# WHAT YOU WILL DO
Give every entry below again, exactly as written, and skip the images.

***** RECORDED INFORMATION *****

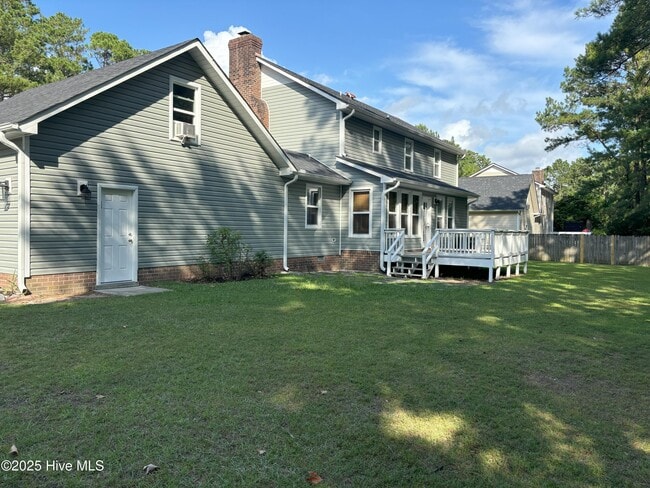 Building Photo - 911 Pine Valley Rd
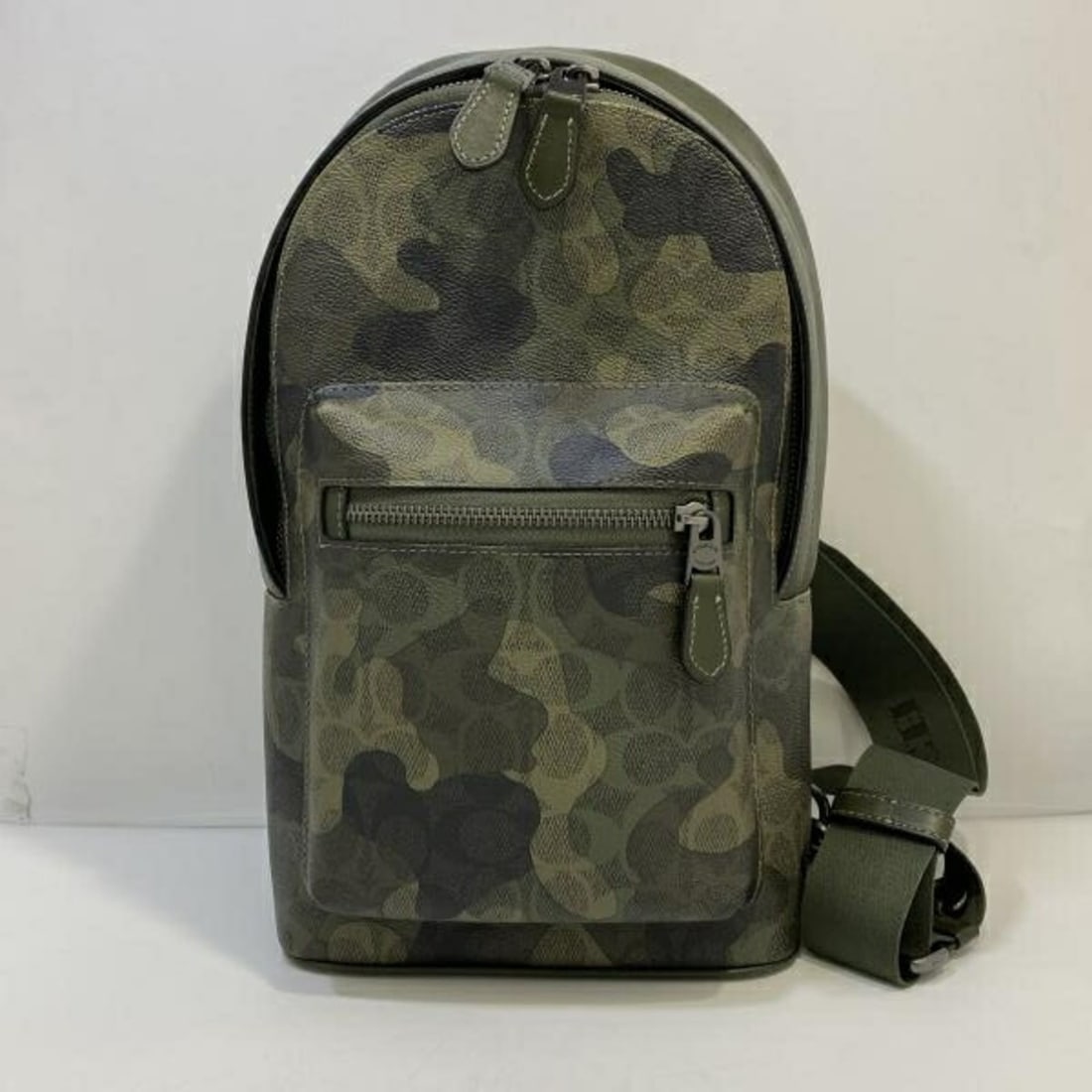 COACH Signature Camo Print Shoulder Bag, Green, F2447-CW312: --- Catalog ---Category: SizeSize (HxWxD): 34cm x 19.5cm x 8cm / 13.38'' x 7.67'' x 3.14''Strap Length: 83cm - 127cm / 32.67'' - 49.99''Category: DesignType: Shoulder bagColor: GreenGender: Men,WomenP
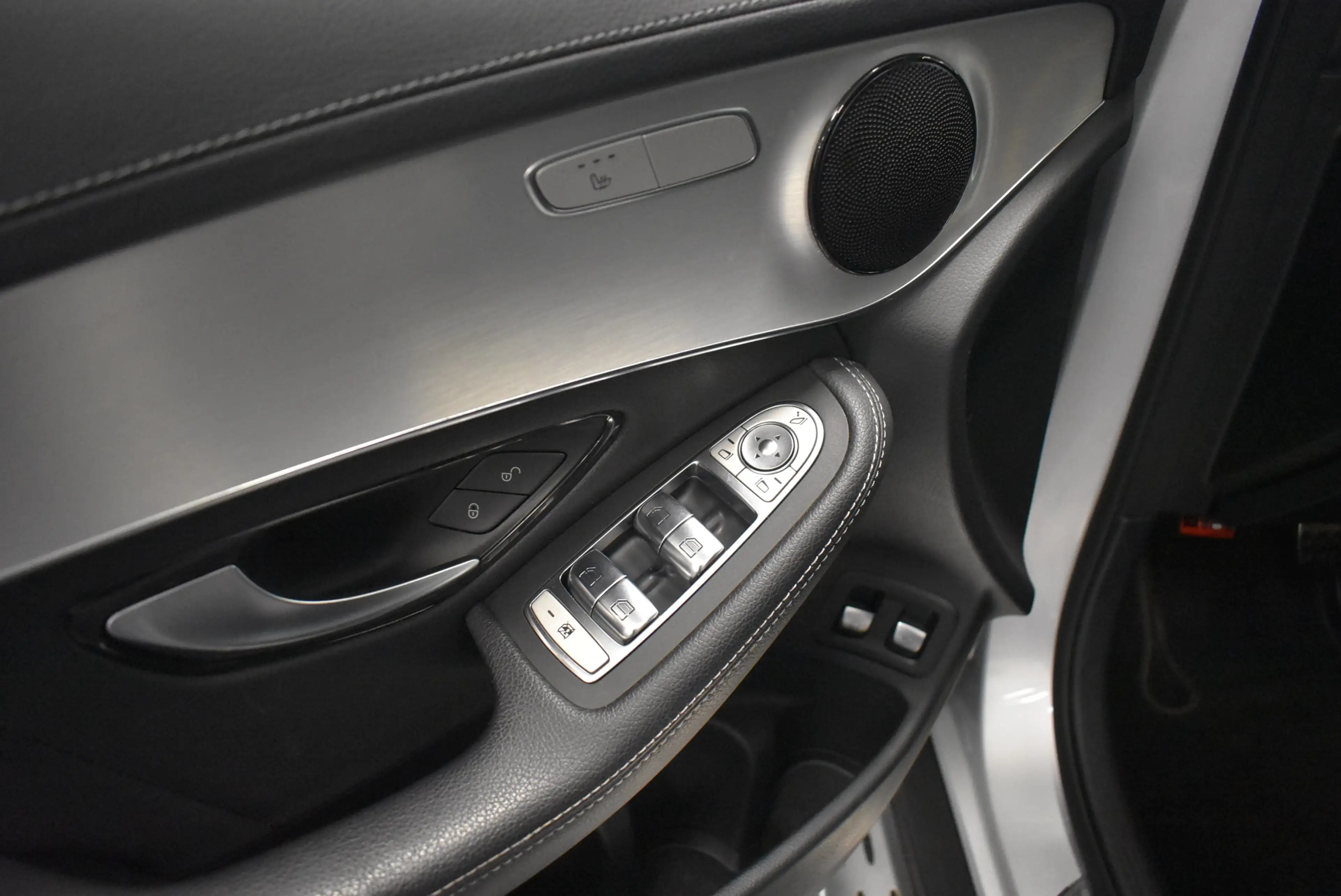 Mercedes-Benz G 400d 4Matic AMG Navi LED Leder Kamer AHK — photo 13
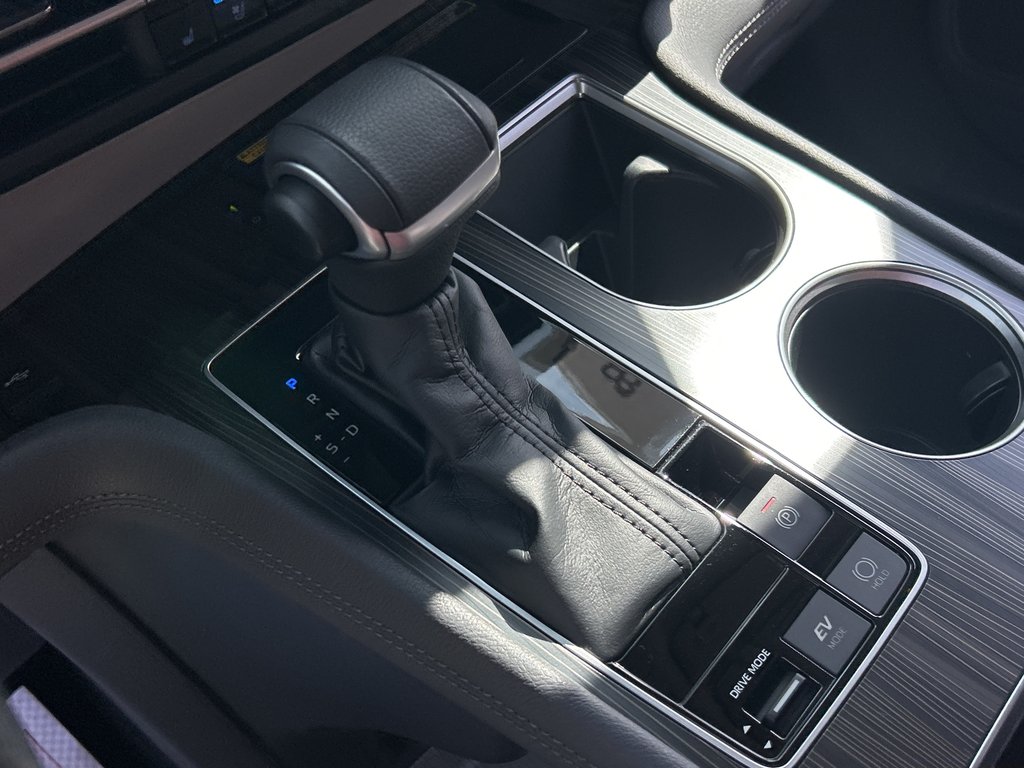 2022 Toyota Sienna Limited in Niagara Falls, Ontario - 17 - w1024h768px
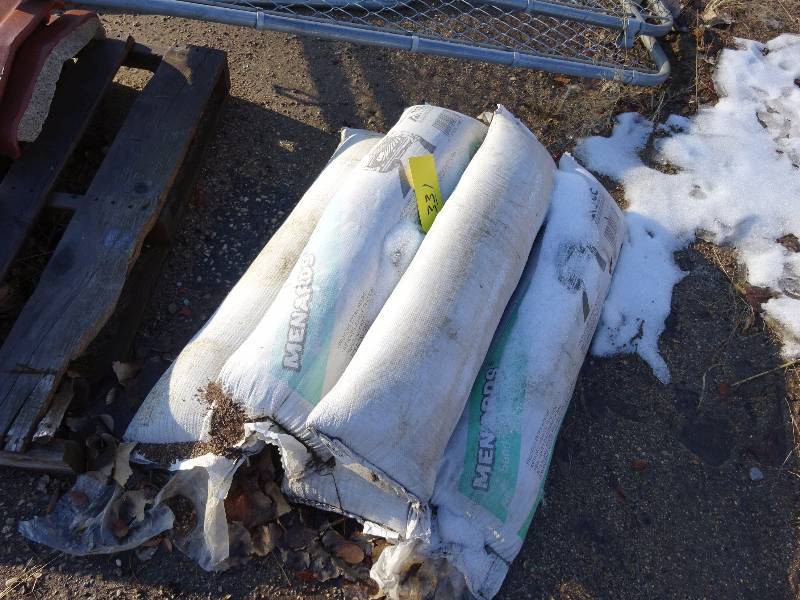 lot 331 image: 17 Sand Bags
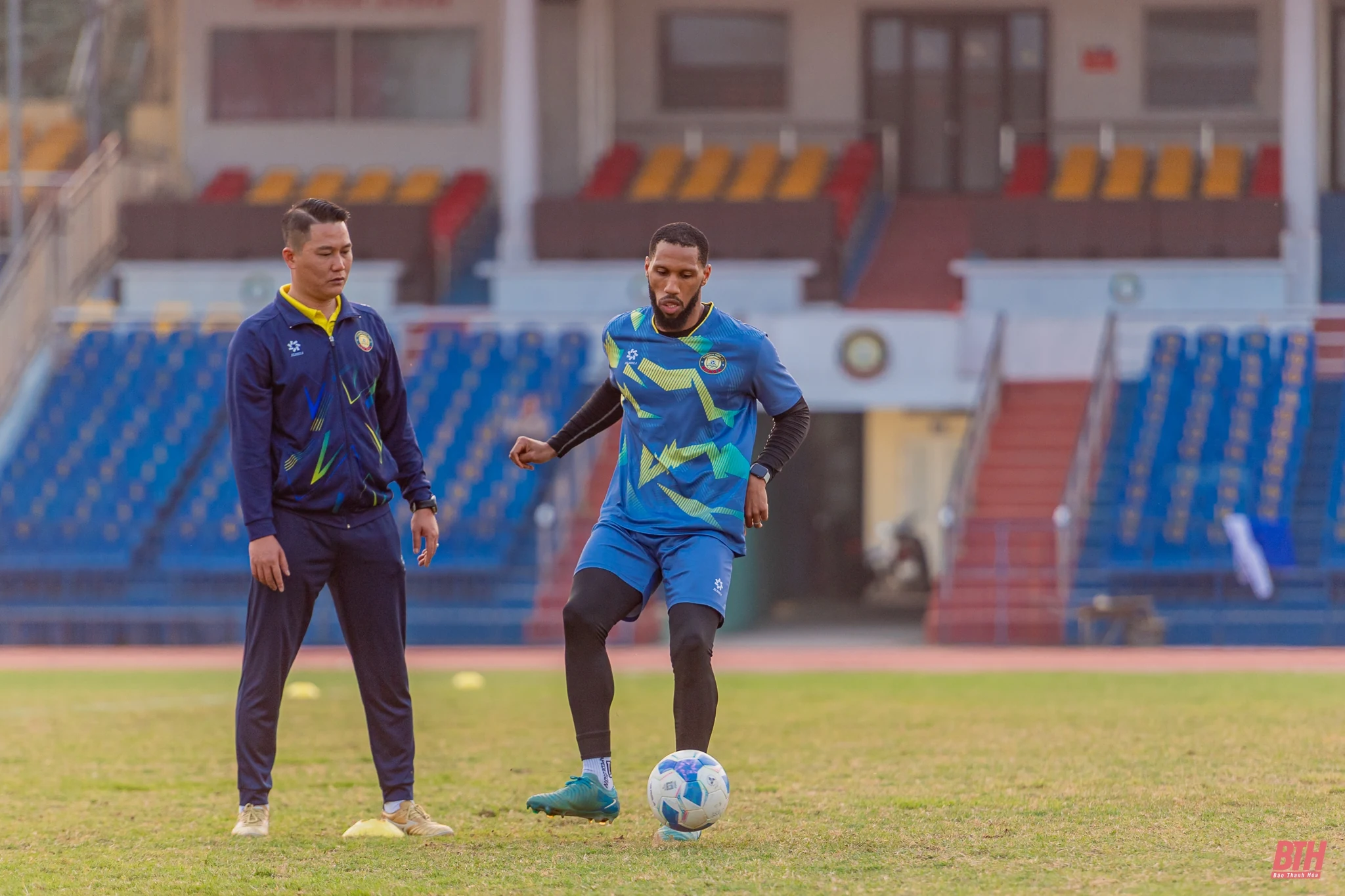 Buổi làm việc đầu tiên của HLV Tomislav tại Đông Á Thanh Hóa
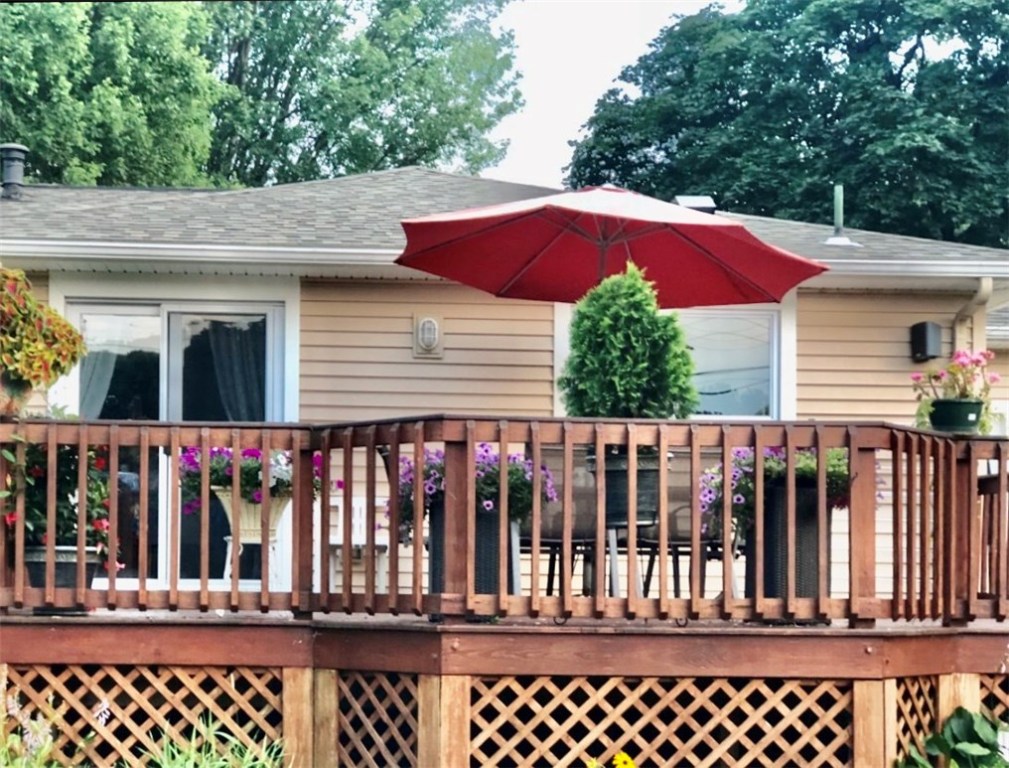 62 Woolacott Road Irondequoit, NY 14621 - Photo 44 of 49 Exterior back and deck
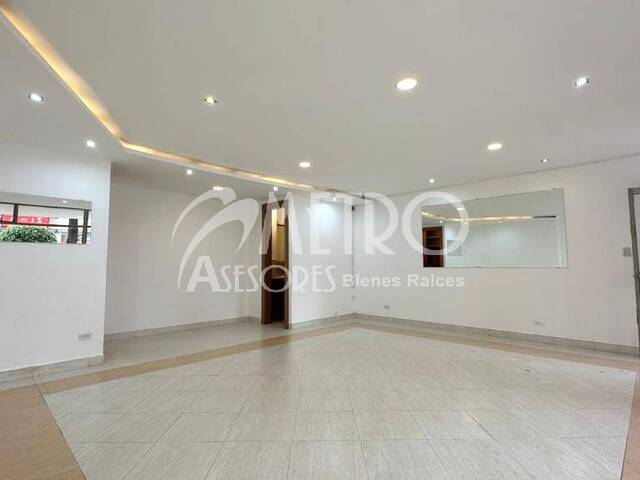 #1085 - Local Comercial para Alquiler en Quito - P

*****

# RESPONSE TO THE EXERCISE
 Building Photo - 911 Pine Valley Rd
 COACH Signature Camo Print Shoulder Bag, Green, F2447-CW312: --- Catalog ---Category: SizeSize (HxWxD): 34cm x 19.5cm x 8cm / 13.38'' x 7.67'' x 3.14''Strap Length: 83cm - 127cm / 32.67'' - 49.99''Category: DesignType: Shoulder bagColor: GreenGender: Men,WomenP
 Mercedes-Benz G 400d 4Matic AMG Navi LED Leder Kamer AHK — photo 13
 2022 Toyota Sienna Limited in Niagara Falls, Ontario - 17 - w1024h768px
 lot 331 image: 17 Sand Bags
 Buổi làm việc đầu tiên của HLV Tomislav tại Đông Á Thanh Hóa
 62 Woolacott Road Irondequoit, NY 14621 - Photo 44 of 49 Exterior back and deck
 #1085 - Local Comercial para Alquiler en Quito - P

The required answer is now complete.